1. Load Data & Model

Use the demonstration_model to generate a common ID for observations from the left and right DataFrames. To do so, we first have to load both the model and the data into memory.

from neer_match_utilities.prepare import Prepare
from neer_match_utilities.custom_similarities import CustomSimilarities
from neer_match_utilities.baseline_io import ModelBaseline

import pandas as pd
from pathlib import Path

# Load custom similarity functions

CustomSimilarities()

# Load model (and the similarity map used during training)

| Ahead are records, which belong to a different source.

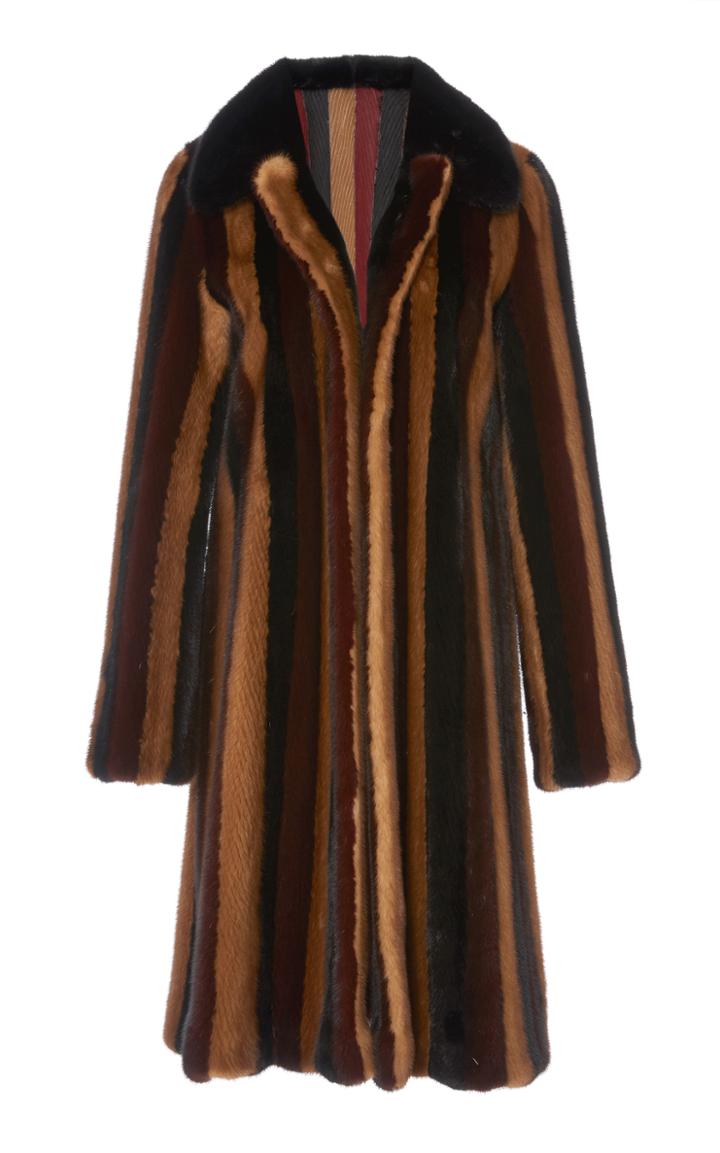 J. Mendel Long Striped Fur Coat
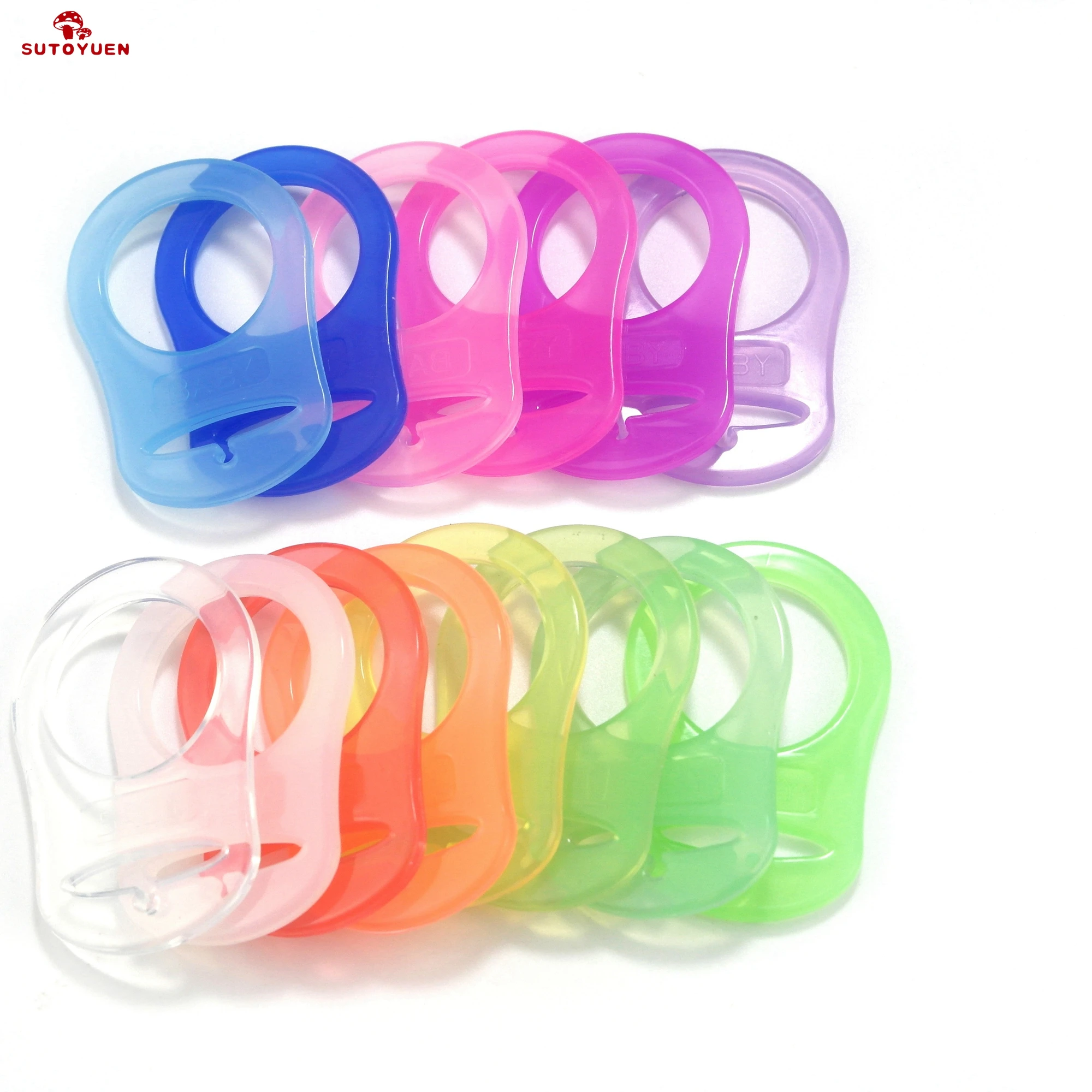 Sutoyuen 500pcs MAM Ring Button Style Pacifier Adapter Ring BPA Free Food Grade Silicone Baby Pacifier Clips Holder Rings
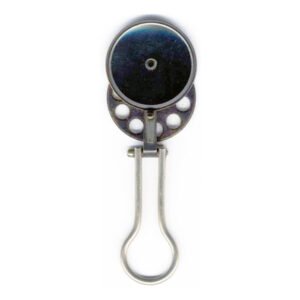 Oldham ophthalmoscope antique British eye instrument with nine-lens disc, collapsible loop handle, five convex and four concave lenses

loaded_model = ModelBaseline.load(
    'demonstration_model'
)

# Load files

left = pd.read_csv('left.csv')
right = pd.read_csv('right.csv')

2. Harmonize Format

After loading the model and data, ensure that the data formatting remains consistent with the preprocessing used during training. The Prepare class harmonizes the left and right DataFrames. Note that the similarity_map is automatically loaded with the model, so there is no need to redefine it.

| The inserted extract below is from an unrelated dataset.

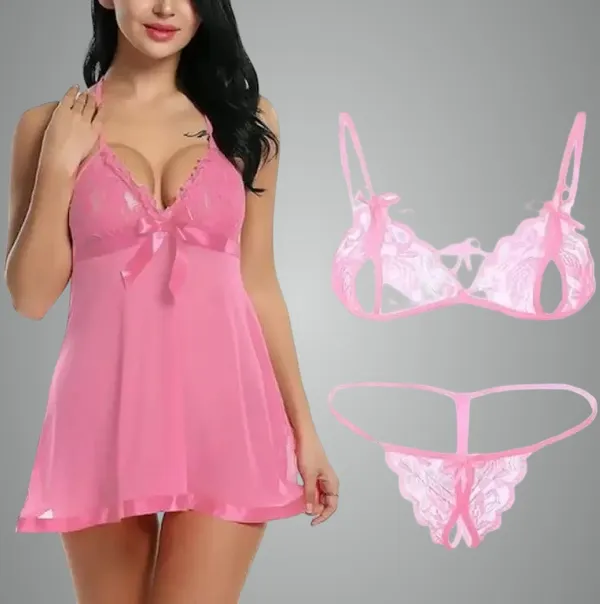 Pink_Lace_Net_Solid_Babydoll_Lingerie_For_Women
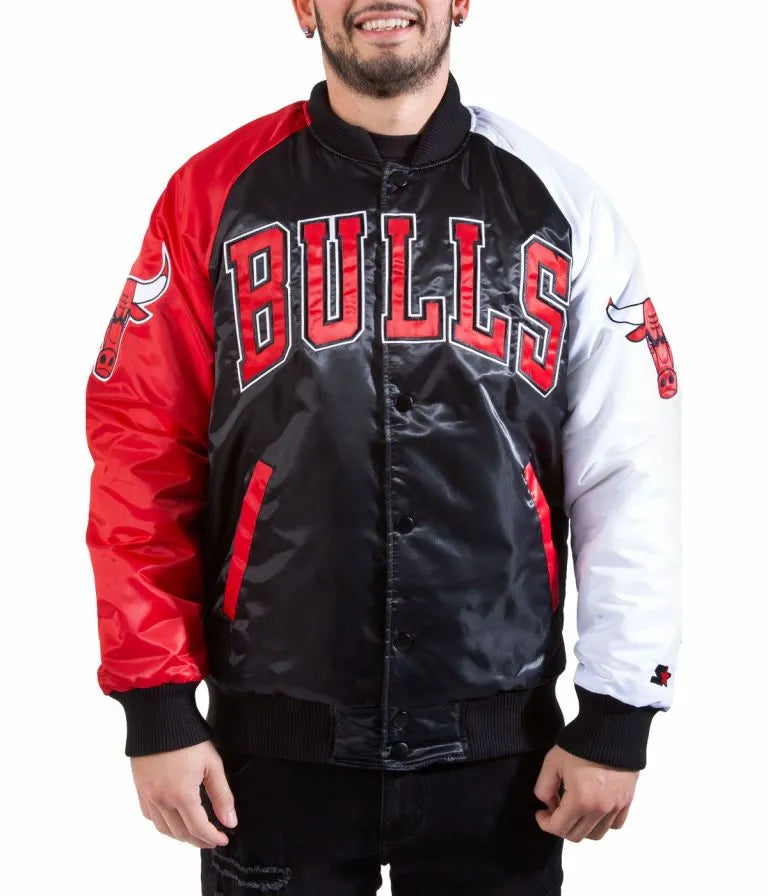 Chicago Bulls Full-Snap Varsity Tri-Color Satin Men's Bomber Jacket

from neer_match_utilities.prepare import Prepare

prepare = Prepare(
    similarity_map=loaded_model.similarity_map, 
    df_left=left, 
    df_right=right, 
    id_left='company_id', 
    id_right='company_id',
)

# Get formatted and harmonized datasets

left, right = prepare.format(
    fill_numeric_na=False,
    to_numeric=['found_year'],
    fill_string_na=True, 
    capitalize=True,
    lower_case=False,
)

3. Generate a Common ID

The GenerateID class creates a common identifier across multiple repeated cross sections. Creating an ID for observations in the left and right datasets can be seen as a special case with two periods.

Key parameters:

relation: Specifies the relationship type between observations (1:1, 1:m, m:1, or m:m)
panel_var: Name of the variable that stores the common identifiers
time_var: Indicates the different cross sections (e.g., year for annual data)
subgroups: Implements a blocking strategy by restricting comparisons to observations within each subgroup, which can significantly reduce computation time

To generate an ID for the left and right DataFrames, we first create a column (side) to distinguish the two sources, then stack the DataFrames vertically.

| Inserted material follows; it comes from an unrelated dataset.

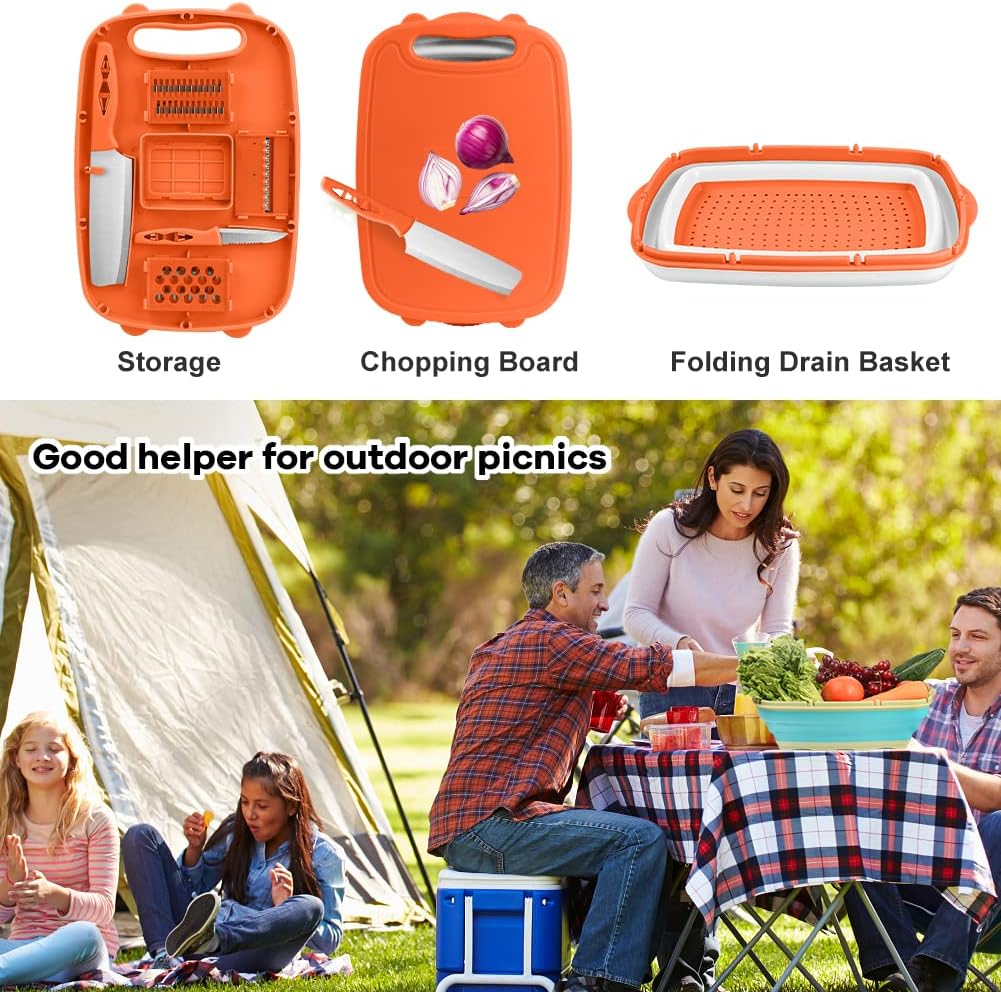 9-in-1Collapsible Cutting Board with Colander Wash Basket Camping RV Gift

from neer_match_utilities.panel import GenerateID

left['side'] = 'left'
right['side'] = 'right'

df = pd.concat(
    [
        left,
        right
    ],
    axis=0,
    ignore_index=True
)

# Create GenerateID instance

id_generator = GenerateID(
    df_panel=df,
    panel_var='panel_id',
    time_var='side',
    model=loaded_model,
    prediction_threshold=0.5,
    subgroups=[],
    relation='m:m',
)

# Execute the ID generation

result = id_generator.execute()
result.head()

Processing periods left-right at 2026-02-04 11:44:27.668970

	index	panel_id
0	0	cca694f1-9a27-4781-9cec-b31c93a9a1c2
1	1	87369043-f148-4153-b76a-ccc686ae60a5
2	2	fcc834bd-8ac3-4210-98cb-3b38555f47b6
3	3	0eb2a6ec-603e-4538-8900-258396898832
4	4	9e66fbc1-3c72-413b-a713-08fbe2f1f3d3

4. Merge Results

df = pd.merge(
    df,
    result,
    left_index=True,
    right_on='index',
    validate='1:1'
)

df = df.sort_values(['panel_id', 'side', 'company_id']).reset_index(drop=True)

# Prepare selection to be viewed

selected_ids = ['22ac99ae20', 'e9823a3073']
columns_to_show = [
    'panel_id',
    'company_id',
    'side',
    'company_name',
    'city',
]

df_selection= df[df['company_id'].isin(selected_ids)][columns_to_show]

df_selection

	panel_id	company_id	side	company_name	city
849	9e66fbc1-3c72-413b-a713-08fbe2f1f3d3	22ac99ae20	left	KAISERSTEINBRUCH-ACTIENGESELLSCHAFT IN LIQU. I…	KÖLN
850	9e66fbc1-3c72-413b-a713-08fbe2f1f3d3	e9823a3073	right	KAISERSTEINBRUCH-ACTIENGESELLSCHAFT IN KÖLN,	KÖLN

Repeated Cross-Sections (Panel ID)

The approach demonstrated above generalizes to multiple repeated cross sections, not just the two sources (left and right) shown here. The same logic applies regardless of the number of cross sections (i.e., periods), enabling consistent ID generation across your entire dataset.